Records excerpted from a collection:
┄┄┄┄┄┄┄┄┄┄┄┄┄┄┄┄┄┄┄┄
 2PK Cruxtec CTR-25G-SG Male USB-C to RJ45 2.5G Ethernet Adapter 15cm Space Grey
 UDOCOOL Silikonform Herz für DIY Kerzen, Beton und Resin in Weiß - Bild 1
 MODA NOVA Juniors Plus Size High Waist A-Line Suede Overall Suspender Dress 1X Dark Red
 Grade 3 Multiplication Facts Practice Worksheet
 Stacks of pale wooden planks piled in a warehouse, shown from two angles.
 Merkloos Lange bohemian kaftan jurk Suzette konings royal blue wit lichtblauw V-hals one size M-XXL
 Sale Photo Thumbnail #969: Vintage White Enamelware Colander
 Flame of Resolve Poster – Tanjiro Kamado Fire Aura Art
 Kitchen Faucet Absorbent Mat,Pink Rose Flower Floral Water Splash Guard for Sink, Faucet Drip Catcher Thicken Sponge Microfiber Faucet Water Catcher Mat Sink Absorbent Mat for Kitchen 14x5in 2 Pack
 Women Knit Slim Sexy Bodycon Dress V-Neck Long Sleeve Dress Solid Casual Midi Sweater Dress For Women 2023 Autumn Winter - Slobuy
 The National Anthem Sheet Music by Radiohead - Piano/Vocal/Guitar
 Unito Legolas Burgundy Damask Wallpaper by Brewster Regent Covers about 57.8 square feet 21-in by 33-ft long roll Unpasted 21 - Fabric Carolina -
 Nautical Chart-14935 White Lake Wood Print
┄┄┄┄┄┄┄┄┄┄┄┄┄┄┄┄┄┄┄┄
§ **Task brief**: Copy only the stretch running from the line containing "Sale Photo Thumbnail" to the final line of the entries, both ends included, exactly as it stands.

§ **Your solution**:
 Sale Photo Thumbnail #969: Vintage White Enamelware Colander
 Flame of Resolve Poster – Tanjiro Kamado Fire Aura Art
 Kitchen Faucet Absorbent Mat,Pink Rose Flower Floral Water Splash Guard for Sink, Faucet Drip Catcher Thicken Sponge Microfiber Faucet Water Catcher Mat Sink Absorbent Mat for Kitchen 14x5in 2 Pack
 Women Knit Slim Sexy Bodycon Dress V-Neck Long Sleeve Dress Solid Casual Midi Sweater Dress For Women 2023 Autumn Winter - Slobuy
 The National Anthem Sheet Music by Radiohead - Piano/Vocal/Guitar
 Unito Legolas Burgundy Damask Wallpaper by Brewster Regent Covers about 57.8 square feet 21-in by 33-ft long roll Unpasted 21 - Fabric Carolina -
 Nautical Chart-14935 White Lake Wood Print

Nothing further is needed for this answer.